The officers in this case did not adhere to the requirements of the knock and announce statute, § 933.09, in their search pursuant to a warrant. We find the departure was justified under the exception stated in Kelly v. State, 287 So.2d 13 (Fla.1974). The test to be applied is “whether or not there existed good reason to fear at time of entry the destruction of evidence.” In this case, the officers had actual and particularized knowledge that there were 30 to 45 small containers of heroin and cocaine in the apartment. They knew from past experience that quite often in this particular neighborhood, once police presence was known, occupants tried to flush the evidence away or destroy it with muri-atic acid. On their approach, the officers also realized they were in plain sight of the occupants. This testimony shows the officers, at the time of entry, had reason to fear the destruction of evidence. This issue is one of fact. The standard of review is whether there is competent, substantial evidence to support the trial court’s ruling.

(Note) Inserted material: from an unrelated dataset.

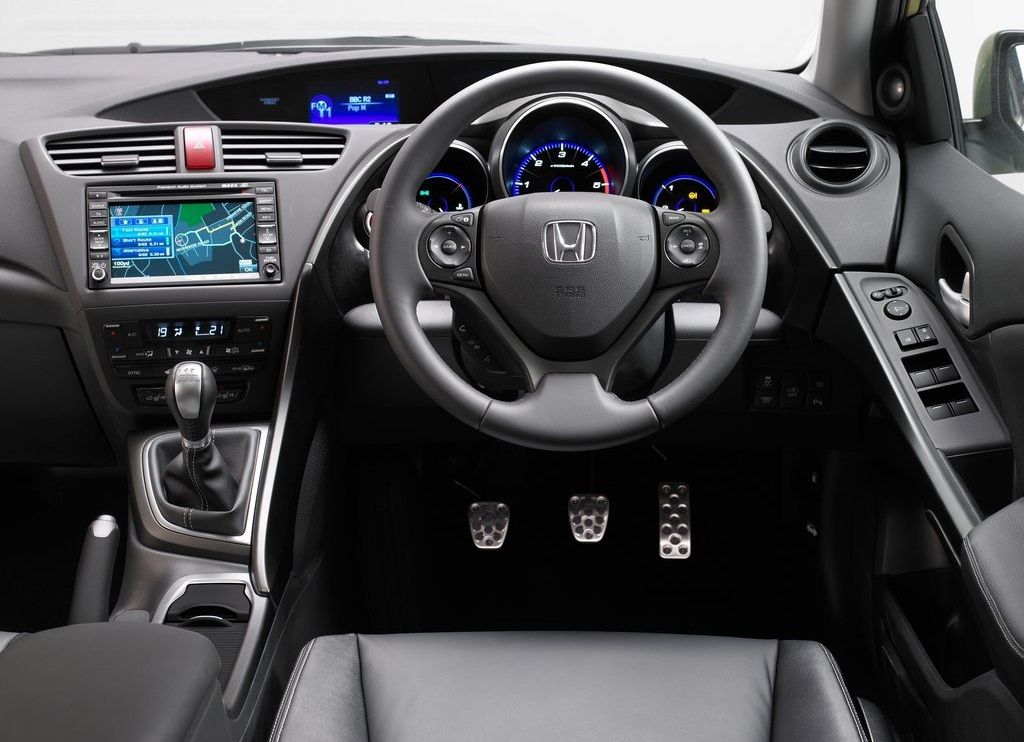 2012 Honda Civic Eu Version Interior (View 5 of 11)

Appellants’ argument that the officers should have knocked and announced because they saw the occupant was making no furtive gestures is without merit. There may have been and was another occupant. The only gesture necessary to destroy the evidence would have been an order to the other occupant to do so. The true import of the situation is the officer [439]*439saw the occupant; therefore, the occupant may have seen the officers. An exigent circumstance was created. The officers had reasonable grounds to fear the evidence would be destroyed. The trial court’s ruling should be upheld.
Affirmed.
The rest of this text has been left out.